Brian Griffin is one of the most influential photographers of his generation. Together with other Illustrious icons from the so-called ‘British Photographers of the Thatcher Years’ – Martin Parr, Paul Graham, Jo Spence and Victor Burgin – he determined the image and popularity of hundreds of companies and artists during the seventies and eighties. On account of his unorthodox talent, sense of adventure and his recognizable and thrilling imaging, Griffin made it to the absolute top in many disciplines: as a film maker, and as commercial and pop photographer. He gets more inspiration from the work of painters and artists than from fellow photographers. In particular you will find influences of expressionist cinema and painter Caspar David Friedrich in Griffin’s oeuvre.

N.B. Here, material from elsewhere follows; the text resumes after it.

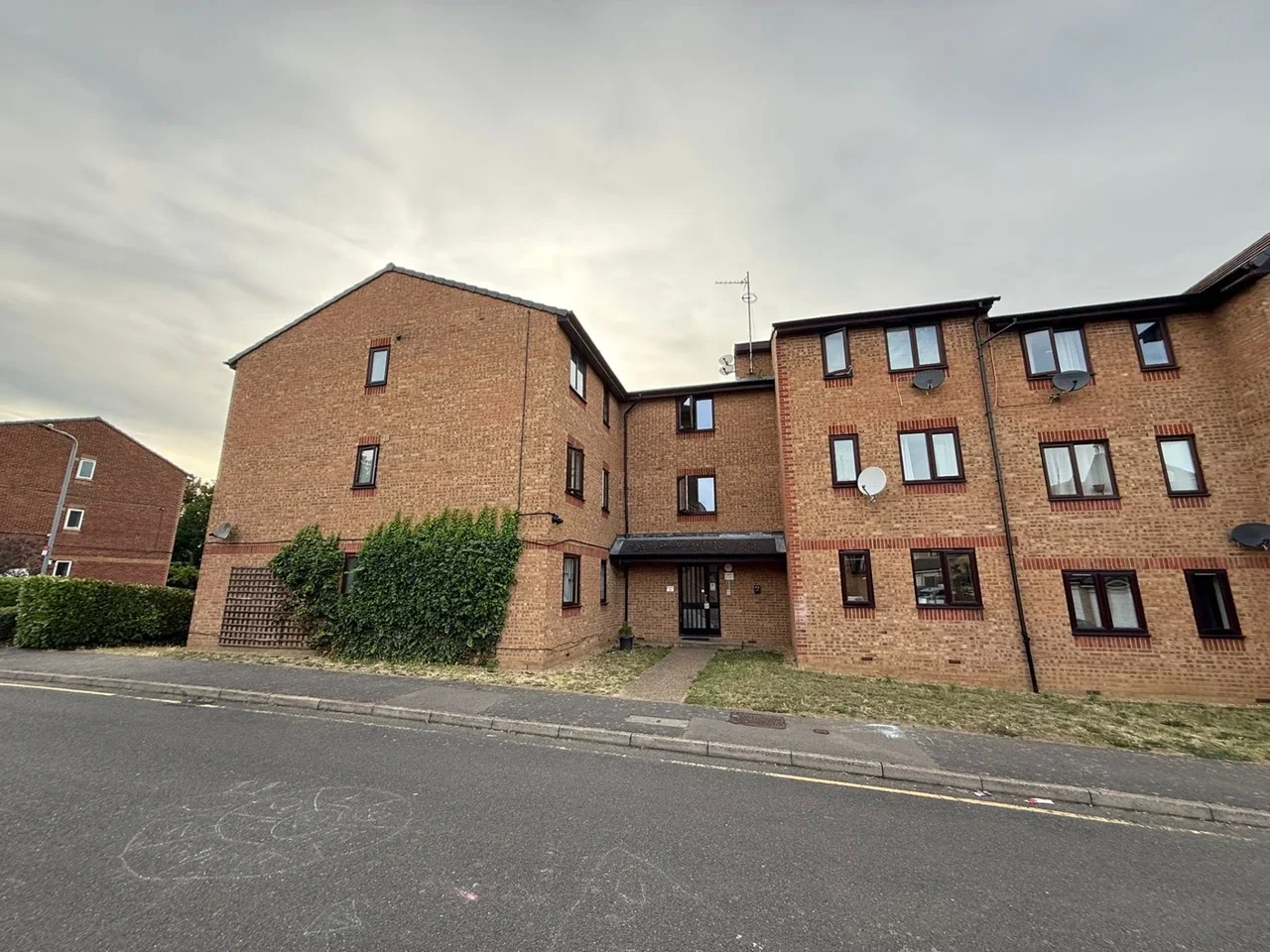 Flat Bernard Ashley Drive in Greater London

Griffin is born in 1948 in Birmingham, but grows up in Lye in the Black Country, a region that in those days got by on coal mining. As a twenty-year-old Griffin leaves to study photography at Manchester Polytechnic. The only things he learns there are – in his own words – “how to lose my virginity and smoke”. In 1972, as a comparatively outsider, he sets up a studio on the banks of the Thames, in the London area of Rotherhithe. He starts working for business magazine Management Today and learns the tricks of the trade. When at the end of the seventies the economy shrinks, he takes his portfolio to the offices of the legendary Stiff Records company. In the following decennium, Griffin comes to blossom as the foremost visual storyteller of the New Wave, Post-punk and New Romantic movements.

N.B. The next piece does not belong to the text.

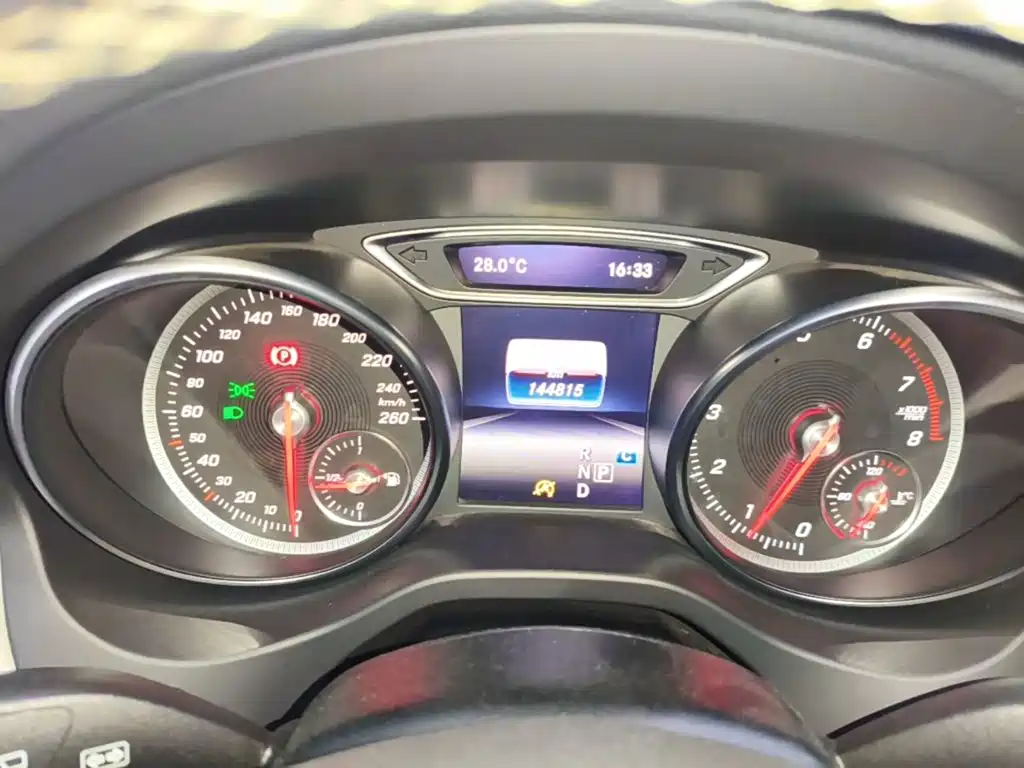 Mercedes-Benz GLA — миниатюра 12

Photographing the cover of Joe Jackson’s Look Sharp means his great breakthrough in the music scene. Ian Dury, The Clash, Depeche Mode, Echo & the Bunnymen, Iggy Pop, Kate Bush, The Specials, Siouxsie and the Banshees, Elvis Costello and countless other stars appear before Griffin’s lens. Almost all iconic LP-sleeves from the eighties are by him, and the artwork for Depeche Mode’s A Broken Frame is still regarded as one of the most beautiful album covers ever made. In 1989 The Guardian declared him the “Photographer of the decade” and in 2005 the British Journal of Photography called Griffin “the most unpredictable and influential British portrait photographer”.

Griffin has published more than twenty books, had more than fifty solo-exhibitions worldwide and you’ll find his work in the collections of, amongst others, the Victoria & Albert Museum in London, The Arts Council of Great Britain in London, Art Museum Reykjavik in Iceland and the Mast Foundation in Bologna. At the beginning of the nineties Griffin’s focus shifts from photography to the film camera, and he dedicates himself to music videos, advertisement and portraits of famous people like Helen Mirren, Vivienne Westwood, Damien Hirst, Sebastian Coe and Jonathan Ross.

He still lives and works in London.

In his book ‘POP’, that appeared November 2017, the English photographer brought together a compilation of his best work: more than 160 album and single sleeves, posters, and press pictures for more than 100 bands and artists. Many of these were never published before. Noorderlicht Photo Gallery shows work from the collection of Brian Griffin – emphasizing on the book ‘POP’ – and a selection of his music videos. Also a Behind the scenes film from 1984 is shown (Folio, Anglia Television).